> **Exercise requirements**
Your answer must be the listing repeated word for word, without its pictures.

> **Data provided**
○ ○ ○ ○ ○ ○ ○

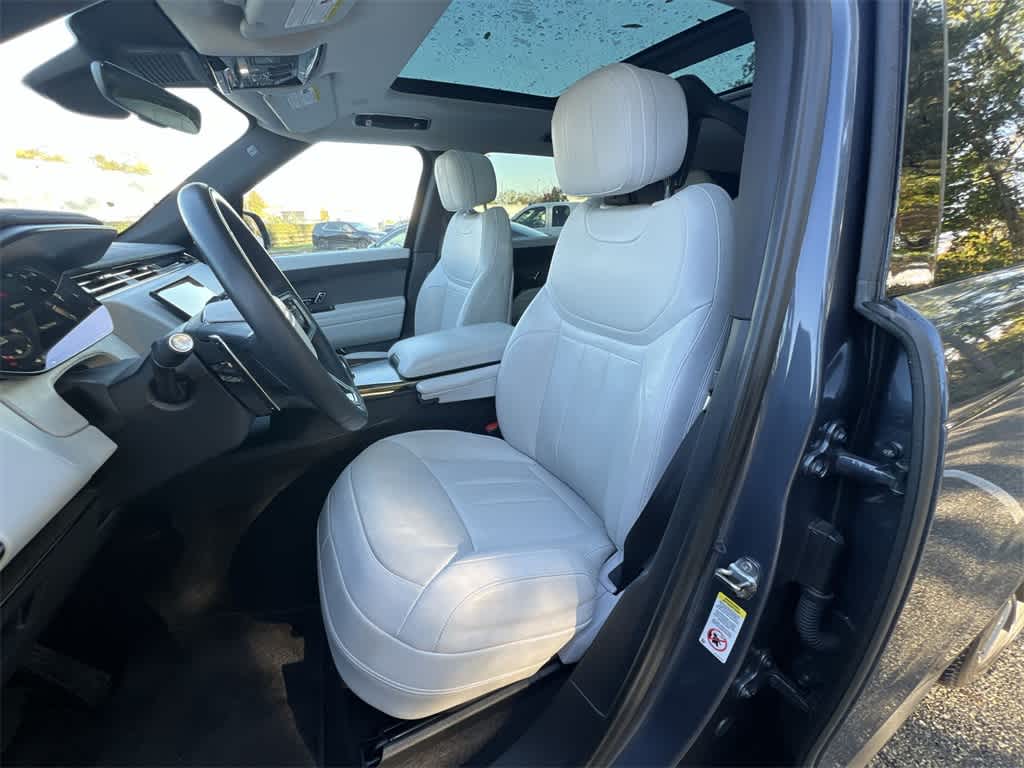 Thumbnail: 2024 Land Rover Range Rover Sport - 19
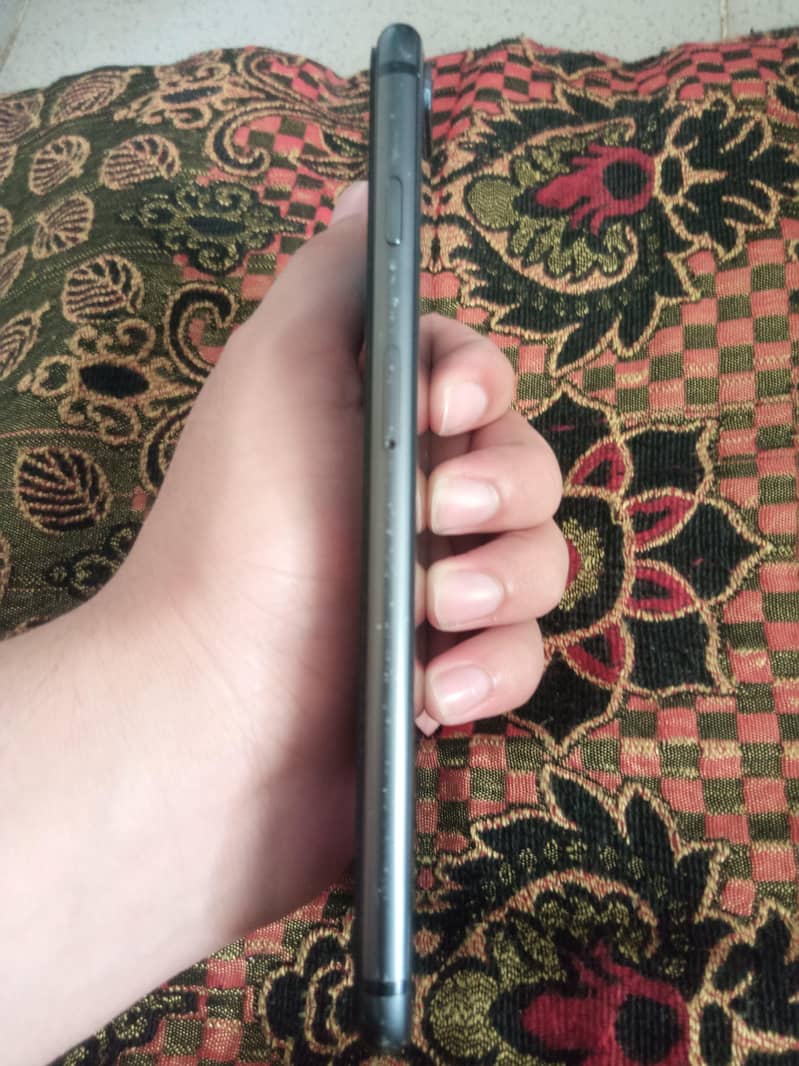 Apple iPhone 8 Plus 4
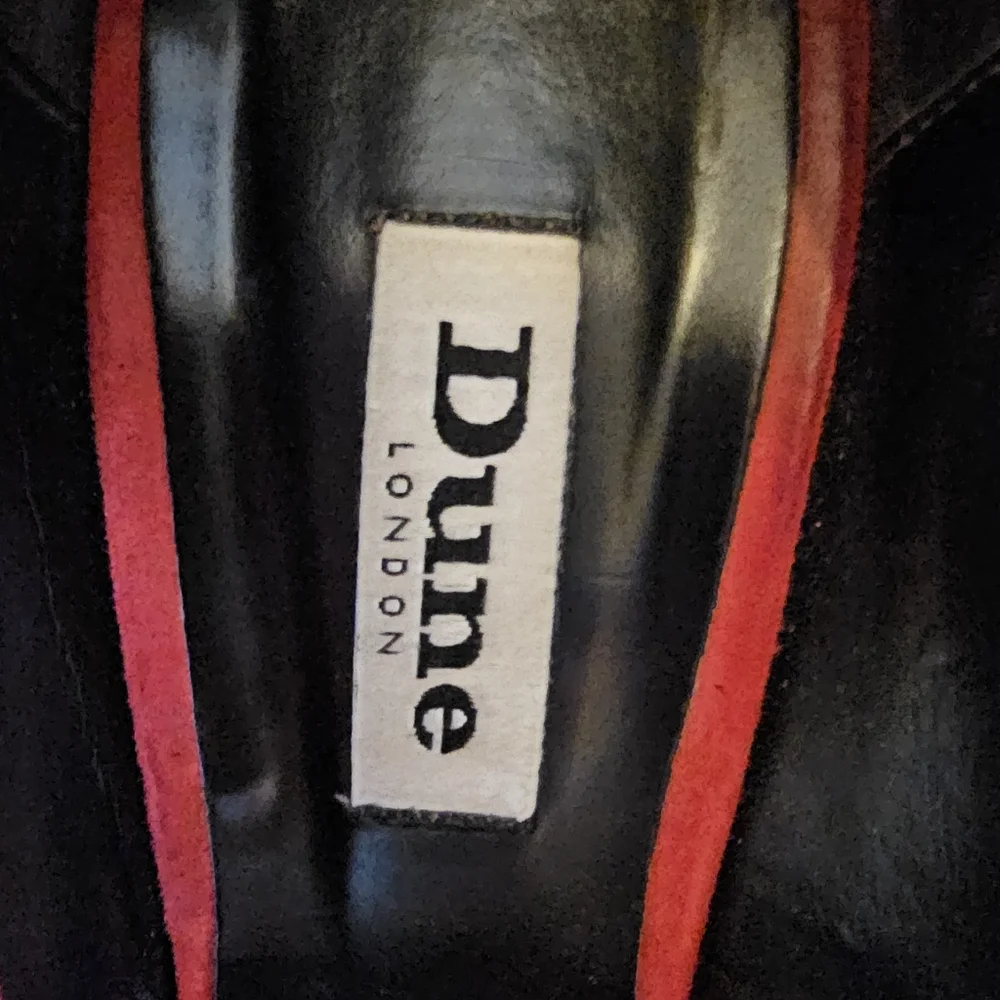 DUNE Red suede pumps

○ ○ ○ ○ ○ ○ ○

> **Expected output**
 Thumbnail: 2024 Land Rover Range Rover Sport - 19
 Apple iPhone 8 Plus 4
 DUNE Red suede pumps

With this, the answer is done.